Racconti e Articoli di Viaggio

Resoconto di uno strano e bel viaggio nelle isole Filippine, di Giorgio Lucchini - Inviato il 10 gennaio 2004 da Giorgio Lucchini.

Rhum in the room

Sito o fonte Web: giorgiolucchini.altervista.org Un pugno nello stomaco: questo era Manila alle 8 p.m. Ora locale. Dopo due anni ero riuscito a convincere il mio amico (e per l'occasione) guida Roberto, a portarmi nelle Filippine con lui. Eravamo partiti il 13 gennaio dal Catullo, e subito la situazione si era presentata piacevole: era arrivato in tempo limite, quando cominciavo ad innervosirmi, ma su una limousine...

Non si poteva fare a meno di ridere! Dopo una ventina di ore di viaggio eravamo atterrati a Manila. Il tempo di recuperare un albergo, di fare una doccia veloce, ed eravamo on the road. Fuori dall' albergo, in Mabindi street, comincio a vedere i primi bambini nudi e sporchi che dormono sui marciapiedi, famiglie intere vicino all' immondizia. I pochi svegli sono sorridenti e... Non ho paura. Mi sento impotente, scandalizzato, ferito, però cerco di amalgamarmi. Siamo in una zona abbastanza centrale, con molti alberghi, ristorantini etnici dal cinese, al vietnamita, al mediorientali, ma è costante un senso di decadenza, di una provvisorietà accompagnata alla miseria e alla sporcizia.



Mentre camminiamo, parliamo delle aspettative di vita di uno che ci abita, di quello che può sperare, di quello che può pensare di noi europei che arriviamo con i portafogli gonfi. Ho girato un poco il mondo, e ho visto ancora delle scene simili, ma dopo aver sentito ancora qualche “crock” sotto le scarpe, e aver evitato rigagnoli di dubbia provenienza, il pugno allo stomaco si fa sentire sempre più forte.
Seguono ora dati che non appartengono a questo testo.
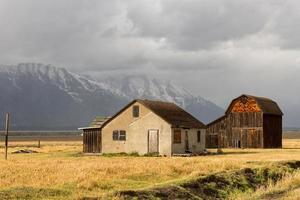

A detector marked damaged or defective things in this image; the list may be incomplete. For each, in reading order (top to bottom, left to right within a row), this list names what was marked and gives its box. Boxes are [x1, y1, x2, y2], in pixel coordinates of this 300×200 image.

rusted barn roof [102, 99, 205, 130]
rusted barn roof [226, 95, 282, 115]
Per farmi passare lo shock, ci fermiamo in un bar. Subito veniamo abbordati da un paio di ragazze.

Qualche parola in inglese, un vago appuntamento e andiamo alla ricerca di un posto dove mangiare. Ci infiliamo in un ristorante cinese. Affronto con i bastoncini ottimi noodles con carne e brodo. Visto che non è la prima volta, non faccio una brutta figura. Il bello di un viaggio è osservare... tutto il possibile. Oltre ai proprietari, che stanno mangiando anche loro, c'è un tavolo di uomini che hanno voglia di bere. Ci stanno riuscendo veramente bene. Alla terza birra decidiamo di andare a caccia di avventure. Ci fermiamo a cambiare qualche dollaro in un piccolo ufficio abitato da una signora incinta: la valuta è giusta e nessuno ci importuna. Comincio a rilassarmi.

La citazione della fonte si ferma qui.